The first part of that verdict will come in the March 5 primary election, in which de León faces more than a dozen challengers as he seeks reelection to a second term. Ordinarily, an incumbent would be a shoo-in, and de León might have been, except for being part of the biggest scandal of modern-day City Hall politics.
In October 2022, an audio recording was anonymously leaked on-line and subsequently reported by the Los Angeles Times of an October 2021 closed-door conversation among then-City Council President Nury Martinez, de León, then-Councilmember Gil Cedillo, and Ron Herrera, the leader of the Los Angeles County Federation of Labor.
The local powerbrokers were ostensibly meeting to discuss the proposed redistricting maps of the city’s 15 council districts, but the conversation included racist and derogatory remarks about Black, Jewish, Armenian, Indigenous and gay people
The most disparaging remarks were Martinez’s racist comments about the adopted black son of their white City Council colleague Mike Bonin — comparing Bonin’s treatment of his son to the way one handles a handbag.

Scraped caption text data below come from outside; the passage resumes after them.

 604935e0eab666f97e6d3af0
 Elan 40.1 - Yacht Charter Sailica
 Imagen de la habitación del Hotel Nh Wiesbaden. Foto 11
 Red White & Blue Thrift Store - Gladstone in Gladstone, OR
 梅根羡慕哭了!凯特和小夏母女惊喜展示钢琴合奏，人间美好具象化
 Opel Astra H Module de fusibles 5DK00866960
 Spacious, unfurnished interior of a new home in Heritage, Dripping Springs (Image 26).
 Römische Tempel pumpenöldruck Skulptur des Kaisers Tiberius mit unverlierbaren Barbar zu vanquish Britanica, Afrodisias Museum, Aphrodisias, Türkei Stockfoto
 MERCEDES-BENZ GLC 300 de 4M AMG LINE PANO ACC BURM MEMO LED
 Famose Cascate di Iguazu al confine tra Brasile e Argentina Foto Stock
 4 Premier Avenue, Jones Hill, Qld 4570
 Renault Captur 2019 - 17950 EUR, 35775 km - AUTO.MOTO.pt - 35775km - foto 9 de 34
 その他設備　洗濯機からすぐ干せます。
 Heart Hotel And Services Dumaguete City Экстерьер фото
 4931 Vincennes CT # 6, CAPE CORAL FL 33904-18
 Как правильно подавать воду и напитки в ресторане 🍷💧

There were also slurs against indigenous Oaxacan people who live in Koreatown. At another point, while discussing Black political power in the city, de León compared black voices to the man behind the curtain in The Wizard of Oz,arguing that they are in fact weaker than they sound.
In the ensuing scandal, Martinez designed almost immediately. Cedillo was a lame duck, having lost reelection earlier in the year.
And life has not been the same for de León since then. He was roundly pressured to resign, with even President Biden urging him to step down. But De León steadfastly refused, even in the face of weeks of protesters outside his home and at City Council meetings, and as some fellow councilmembers refused to deal with him.
De León said he had no intention to resign “because the person who is (being described) is not who I am. I’ve never been that person — now, in the past, nor present, nor will I ever be that person in the future. Once the narrative is created, and once the media moves forward with that narrative, it doesn’t make it true. The visceral emotion does not fit the facts.”
Undeterred, de León tackled every new project and issue in his district as if his life depended upon it. Politically, it did.
“He has actually for more than a year been going across the community, really seeking to connect and reinvigorate his relationship with his constituents,” Los Angeles magazine’s Regardie said in a Fox LA report on the campaign.
“Once a month there is a huge line outside of the Eagle Rock field office. Why? Because he has a huge food giveaway that happens there and in other places. He’s doing work again to try to get people to forgive him and move on from this scandal.”
Today, much to chagrin of his critics and haters, de León appears to be on the verge of pulling off perhaps the most surprising comeback of Los Angeles city politics.
In the upcoming March 5 primary de León most likely will be one of the two District 14 candidates moving on to the general election in November — and it is not out of the question that he could win re-election outright if he were to get 50% of the votes plus one.
De León, though, is politically savvy enough to know that the only absolution in politics is at the ballot box.
“I’ve had numerous conversations not just with my own constituents within my own district,” he said in an interview. “But conversations with folks outside of my district, in particular our Black community here in the city of LA.
“It’s been constructive. It has been positive. It has been healing. It has been forward looking. I will be honest. It hasn’t all been easy, but it’s been necessary for me as an individual, not just as a council member, but as a resident, as a friend, as a neighbor, to atone, which is very important to me as a human being.”